Ben Felix rapporte que son entreprise choisit pour ses portefeuilles des titres à revenu fixe dont l’échéance globale est plus courte que celle de l’indice obligataire global. Plus précisément, PWL Capital utilise des fonds de Dimensional Fund Advisors qui augmentent l’exposition aux échéances plus longues « lorsque la courbe de rendement est en pente ascendante et diminue lorsqu’elle est plate ou inversée », déclare-t-il.

« Pour les clients qui ont des conseillers, je pense que c’est une bonne approche », dit-il, ajoutant que les fonds ne sont pas disponibles pour les investisseurs autonomes.

Ben Felix assure que les attentes actuelles en matière d’inflation sont déjà prises en compte dans les marchés, mais que des augmentations inattendues de l’inflation pourraient affecter les prix des actifs à court terme.

« Même si l’inflation finit par être plus élevée que prévu, cela ne signifie pas nécessairement que les rendements réels des actions vont devenir négatifs, juge-t-il. Historiquement, c’est quelque chose qui n’a pas eu tendance à se produire, même dans les pays où l’inflation finit par être extrêmement élevée. »

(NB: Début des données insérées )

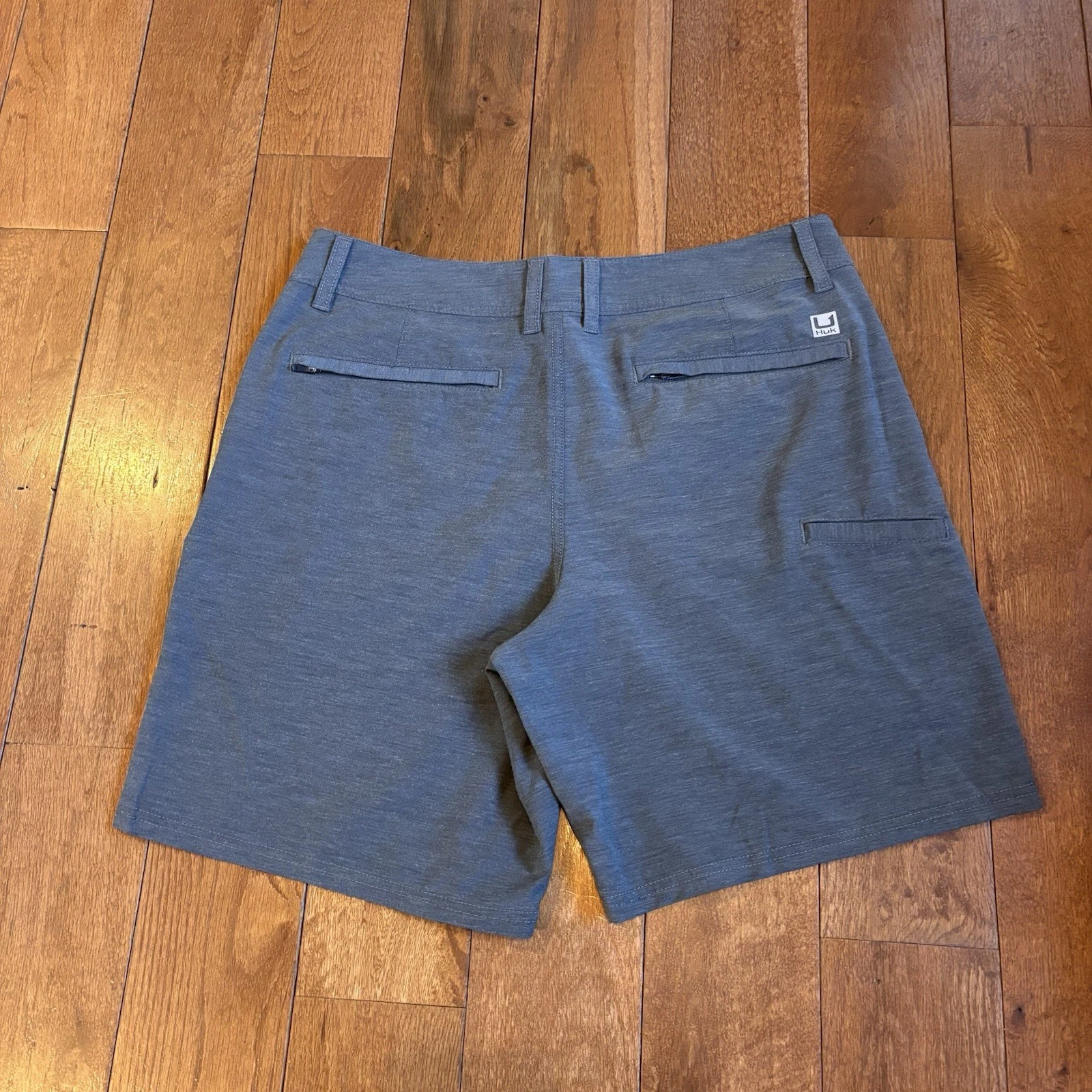 Mens Huk Performance Fishing Chino Shorts Gray sz 32 / 7.5" inseam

Il note qu’une inflation inattendue extrêmement élevée – supérieure à 18%, ce qui est bien plus élevé que ce que le Canada a connu dans les années 1980 – est liée à des rendements boursiers négatifs, selon le Global Investment Returns Yearbook 2021 du Credit Suisse, publié en mars. Une inflation modérément élevée (allant d’environ 4,1 % à 7,5 %), comme celle que l’économie mondiale connaît actuellement, ne l’est pas.

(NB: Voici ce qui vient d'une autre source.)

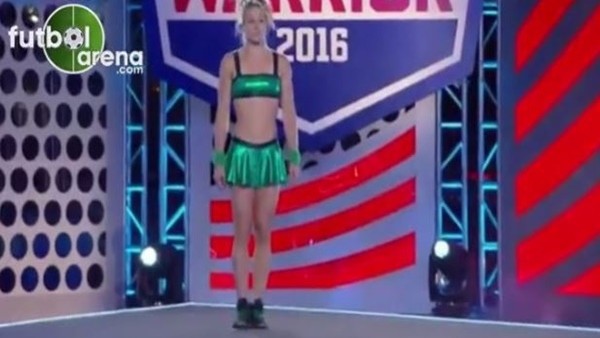 Süper kızdan müthiş performans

« Sur le long terme, les rendements réels des actions ont dépassé l’inflation dans le monde entier. Il n’est pas évident que les taux bas soient responsables de la récente surperformance des valeurs de croissance », affirme-t-il.

« Les taux bas mis à part, je pense que les rendements attendus des actions de croissance à grande capitalisation sont faibles en raison de leurs valorisations extrêmement élevées. Il n’est pas certain que l’inflation ou la hausse des taux sera le déclencheur, mais les exemples historiques de sociétés extrêmement grandes avec des prix élevés ont été suivis de faibles rendements. »

Craig Basinger estime que les investisseurs pourraient vouloir reconsidérer les types d’actions qu’ils détiennent.

« Si l’inflation s’avère plus persistante, les actions devraient mieux se porter, mais pas toutes les actions, nuance-t-il. Les [actions] de valeur devraient faire mieux que les [actions] de croissance. Les actions qui sont considérées comme des actifs réels devraient faire encore mieux. Cela [place] le S&P/TSX dans une position plutôt bonne compte tenu de nos pondérations sectorielles relatives, notamment par rapport au marché américain plus axé sur la croissance. »

Craig Basinger fait référence au portefeuille modèle de Purpose pour un investisseur équilibré, dans lequel il est surpondéré en liquidités (entre 8 et 10 %), « légèrement surpondéré » en actions et sous-pondéré en obligations.

« Cette répartition n’est pas uniquement fondée sur les préoccupations relatives à l’inflation à long terme. Elle est fondée sur de nombreux facteurs », conclut-il.